Today on my way to our neighborhood store, I noticed my neighbor was sitting out on the sidewalk. I'd recently heard that his wife was diagnosed with cancer. They are a 60ish, mixed race couple, both seem to be involved with alcohol and our block has gotten used to the sound of sirens as ambulances go to their Section 8 apartment at least twice a month.
They are fragile looking people. Today, sitting on the sideway, my neighbor looked dazed and he seemed more sober than he might want to be.
I asked how things were going. He said, not too good. I asked, have you guys eaten today.
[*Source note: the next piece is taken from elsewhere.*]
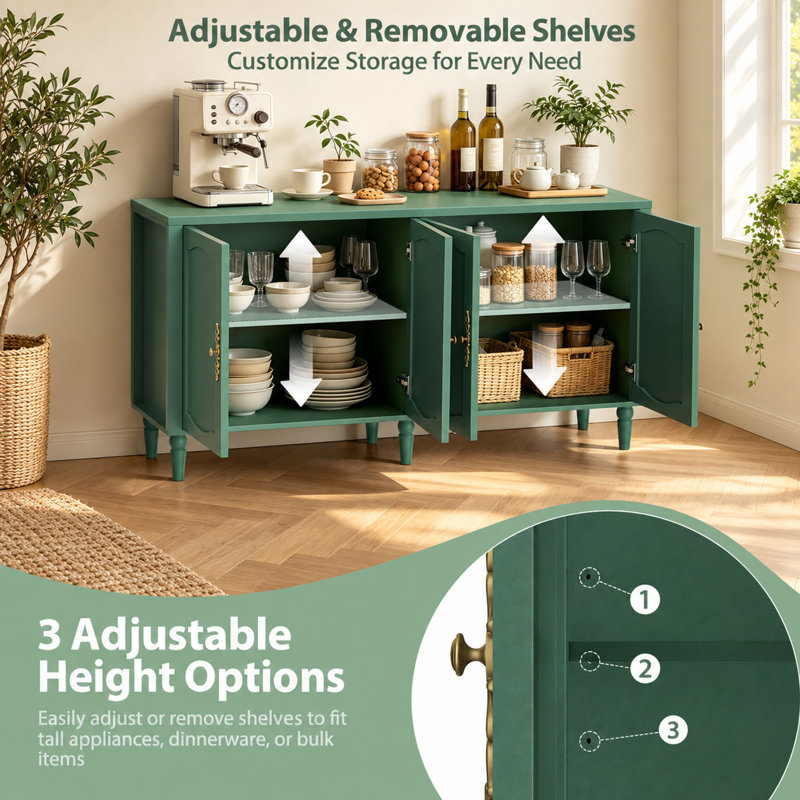 Hayter 63'' W Sideboard Buffet Cabinet, Kitchen Storage Cabinet With 4 Doors And Adjustable Shelves, Green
He said, no. We ate on Thursday. Today is Saturday.
This is San Francisco. My neighbor is sitting a block away from a busy tourist thoroughfare. He's probably not sixty but today he looks much older. I buy them a bag of groceries I can't afford and get my phone out.
First I called the San Francisco Chronicle. I used to have a friend there that covered the poverty beat. But today I talk to someone new. An editor who can't understand why this couple can't take care of themselves. "But, have they asked for help?" "But, couldn't the money they spent on alcohol feed them?" "I'm not understanding what you mean."
I finally tell her, come out and look at their faces and decide for yourself. When you are that overwhelmed, you can't move. You need a hand. Let me give you my name and number in case you understand later. I can wait although, I don't know if my neighbors can.
She really didn't understand that there have been maybe 25 professional people who've interacted with this couple in that last few weeks who should have known they would need help because they were having trouble fending for themselves. Doctors, nurses, intake administrators, EMTS, firemen, police, landlords, neighbors. Who am I leaving out?
So much for human interest at my local paper.
Okay. So then, I called a string of city hall numbers (none of them manned) and then a string of charities.
I hope someone calls me back. It's hard enough to be poor or alcoholic or to be dealing with cancer. Having all three happen at the same time would overwhelm anyone. This is Saturday, so it will take time for someone to call me back. I don't know if I have enough in my account to feed us all until Monday morning.
And I want to know that our people, here in the Paris of the Pacific, have something more than my light wallet that we can count on. I want to know, as I sit here in this $400,000 dollar condo, that there is a logic to the way we apportion our resources, whether we're talking about empathy or taxes. I want to know that my neighbors will eat this week and not go hungry on our ever more genteel block. This is our neighborhood and it's ours to keep or to lose. Or maybe, ours to fight for.
Elizabeth Ferrari is a San Francisco author and activist.